We conclude today’s melodramatic embrace by taking a look at another Pre-Code film. Released in 1932, Merrily We Go To Hell takes a look at one of the institutions that the Production Code was meant to save: marriage. It also takes a look at alcoholism, overprotective fathers, and what goes on backstage during a Broadway production. In many ways, this movie is a comedy but, at heart, it’s a melodrama through and through.
Everyone should have a catchphrase. Myself, for example, I tend to say “Stay Supple” a lot. It drives some people crazy but I like the way it sounds and I also happen to think that it’s a pretty good expression of how I view life. Alcoholic newspaper reporter Jerry Corbett (Fredric March) has a catch phrase of his own. Every time he takes a drink, he toasts with, “Merrily, we go to Hell.” Jerry has been haunted ever since he was dumped by his beautiful girlfriend, actress Claire Hempstead (Adrienne Ames), and he now spends all of his time drinking and dreaming of being a playwright.

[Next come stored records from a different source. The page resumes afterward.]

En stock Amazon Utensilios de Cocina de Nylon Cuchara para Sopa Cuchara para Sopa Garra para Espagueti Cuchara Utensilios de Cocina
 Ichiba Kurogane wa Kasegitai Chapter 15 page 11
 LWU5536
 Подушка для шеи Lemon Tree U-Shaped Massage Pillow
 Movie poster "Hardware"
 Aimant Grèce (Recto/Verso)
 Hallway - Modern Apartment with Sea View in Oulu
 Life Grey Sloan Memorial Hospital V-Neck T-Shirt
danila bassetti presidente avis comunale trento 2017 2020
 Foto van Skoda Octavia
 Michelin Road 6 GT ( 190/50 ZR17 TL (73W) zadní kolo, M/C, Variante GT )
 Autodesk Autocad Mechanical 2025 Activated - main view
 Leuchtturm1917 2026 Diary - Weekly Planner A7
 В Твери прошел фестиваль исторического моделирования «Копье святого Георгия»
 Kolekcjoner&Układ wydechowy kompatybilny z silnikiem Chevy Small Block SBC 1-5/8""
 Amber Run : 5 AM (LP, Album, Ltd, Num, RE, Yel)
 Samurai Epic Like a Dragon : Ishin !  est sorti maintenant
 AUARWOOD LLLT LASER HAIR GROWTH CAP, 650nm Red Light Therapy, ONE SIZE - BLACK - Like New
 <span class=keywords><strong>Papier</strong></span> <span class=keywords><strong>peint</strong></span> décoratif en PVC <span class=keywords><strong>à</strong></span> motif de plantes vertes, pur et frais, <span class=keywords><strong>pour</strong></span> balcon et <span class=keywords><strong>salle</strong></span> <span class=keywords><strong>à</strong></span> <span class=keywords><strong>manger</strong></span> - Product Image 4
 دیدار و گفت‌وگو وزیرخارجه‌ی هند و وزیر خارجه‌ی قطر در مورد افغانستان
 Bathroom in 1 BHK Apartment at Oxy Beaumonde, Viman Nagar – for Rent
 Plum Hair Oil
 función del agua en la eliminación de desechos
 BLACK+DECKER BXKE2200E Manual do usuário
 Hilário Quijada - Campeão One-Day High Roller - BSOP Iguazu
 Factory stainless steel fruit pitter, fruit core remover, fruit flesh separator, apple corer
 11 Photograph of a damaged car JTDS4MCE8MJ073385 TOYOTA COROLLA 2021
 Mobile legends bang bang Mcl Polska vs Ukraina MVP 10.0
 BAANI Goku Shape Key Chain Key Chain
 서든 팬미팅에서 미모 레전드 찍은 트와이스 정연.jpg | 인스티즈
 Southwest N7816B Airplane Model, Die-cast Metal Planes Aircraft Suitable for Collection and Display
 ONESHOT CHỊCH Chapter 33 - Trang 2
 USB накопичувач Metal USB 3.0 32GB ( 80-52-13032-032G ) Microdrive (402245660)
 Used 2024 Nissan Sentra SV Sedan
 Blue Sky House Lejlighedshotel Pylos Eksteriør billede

However, things start to look up for Jerry when, at one of those decadent rooftop parties that always seem to show up in pre-Code films, he meets an innocent young heiress named Joan (Sylvia Sidney). Jerry and Joan fall in love and, despite the reservations of Joan’s disapproving father (George Irving), they marry. With Joan’s help, Jerry stops drinking and writes his play. It’s called “When Women Say No” and despite the creepy and misogynistic title, it becomes a huge success. Oh, did I say despite? I meant to say because of.
(For those you sitting at home, I am currently dramatically rolling my eyes and shaking my head.)
However, there’s a problem. Guess who is cast as the play’s leading lady? That’s right — Claire! Jerry may love Joan but he’s obsessed with Claire. Having again fallen under her spell, Jerry is soon drinking again and neglecting his wife. However — and this is what distinguishes Merrily We Go To Hell from even most films made today — Joan doesn’t just silently accept Jerry’s infidelity or sit around obsessing on how she can get her husband back. Instead, she decides that if he can do it, she can do it. And who can blame her when Charlie Baxter is around? Not only is Charlie suave and handsome but he’s played by none other than Cary Grant!
Merrily we go to Hell indeed!
Merrily We Go To Hell is available as a part of the Pre-Code Hollywood Collection and I think it makes for a good double feature with The Cheat. (The people who put together the Pre-Code Hollywood Collection obviously agreed with me because they put both films on the same disc.) While Merrily We Go To Hell is, at heart, a very serious movie, it begins with a deceptively light touch. Fredric March was such a charming actor and seems to be having so much fun playing Jerry as a charming and well-meaning fuckup, that you actually are surprised when the film reveals just how desperate a character he really is. This is the epitome of the type of film that makes you laugh at the start just so it can make you cry at the end.
Incidentally, Merrily We Go To Hell was directed by Dorothy Arzner, one of the only female directors to work in Hollywood during the studio era. As a director, she understands that, at heart, Merrily We Go To Hell is Joan’s story. Whereas a male director would probably have focused almost exclusively on Jerry and used Joan as a mere plot device, Arzner is more interested in exploring why Joan marries Jerry in the first place and how she deals with the inevitable discovery that there’s actually less to Jerry than first met the eye. It’s that perspective that ultimately elevates Merrily We Go To Hell above the level of being a mere domestic dramedy and makes it worth watching 82 years after it was first released.